Bear Crawl & Crab Walk
Player 1 bear crawls to line 2 and crab walks back, then tags Player 2. This is a full-body movement that also activates the core.
Side Shuffle
Player 1 shuffles sideways to line 2 facing one way they then turn face the other way and side shuffle back to the start, then tags Player 2. Repeat, shuffling to the opposite side for symmetry.

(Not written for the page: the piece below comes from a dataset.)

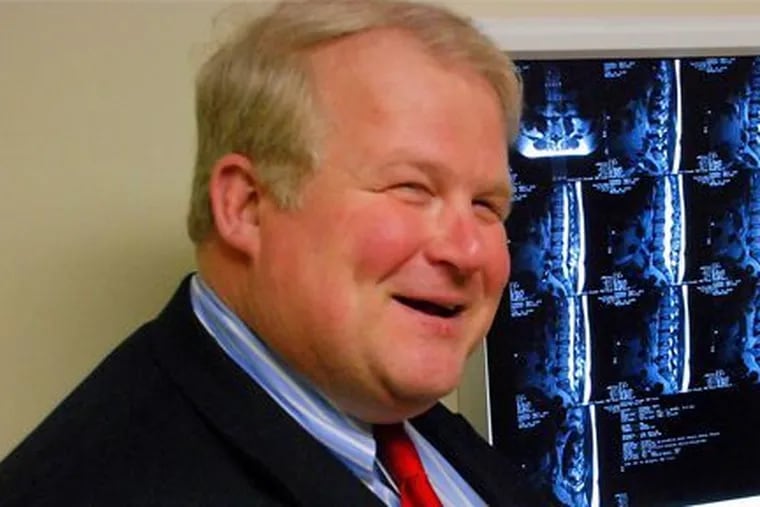 Dr. Andrew Freese, 61, a neurosurgeon who conducted the first gene-therapy surgery for a neurological disorder on a human being, died Wednesday, June 30, 2021 from kidney failure.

Walking Lunges & Reverse Lunges
Player 1 does walking lunges to line 2 and reverse lunges back, then tags Player 2. Focus on form and depth of the lunges for strength and stability.
Dribbling & Passing
Divide your players into pairs or groups of three for a relay race. do not have any more than 3 players in a group. Create lines for them to run towards and add a cone for them to touch or run around. Use any of the following variations for your warm up
Dribble To The Cone
Player 1 dribbles directly at the cone on line 2 stops the ball before hitting the cone makes a turn and dribble back to give the ball to player 2 who repeats. Second time the player goes to cone at line 3 and does the same.
Dribble Around The Cone
Players 1 dribbles around the cone on line 2 with our hitting it and dribbles back to give the ball to player 2 who repeats. Second time the player goes to cone at line 3 and does the same.
Dribble & Pass Back
Player 1 dribbles out and around the cone on line 2 then passes back to player 2 who repeats. On the second round the players go out and around the cone on line 3 and then pass back to their partner.
Short Passes Together
The player stand side by side approx. 3 years apart and will pass the ball back and fourth until they get to the cone at line 2 they then swap side ad go back to the starting line. Repeat the next time to the cone at line 3
One Backpedals One Passes
One players faces the wrong way and back-pedals the other player passes them the ball the player backpedaling just stops the ball and backs up again the pair repeat this until they get to line 2 then they swap roles on the way back to the start line. Repeat to the 3rd line.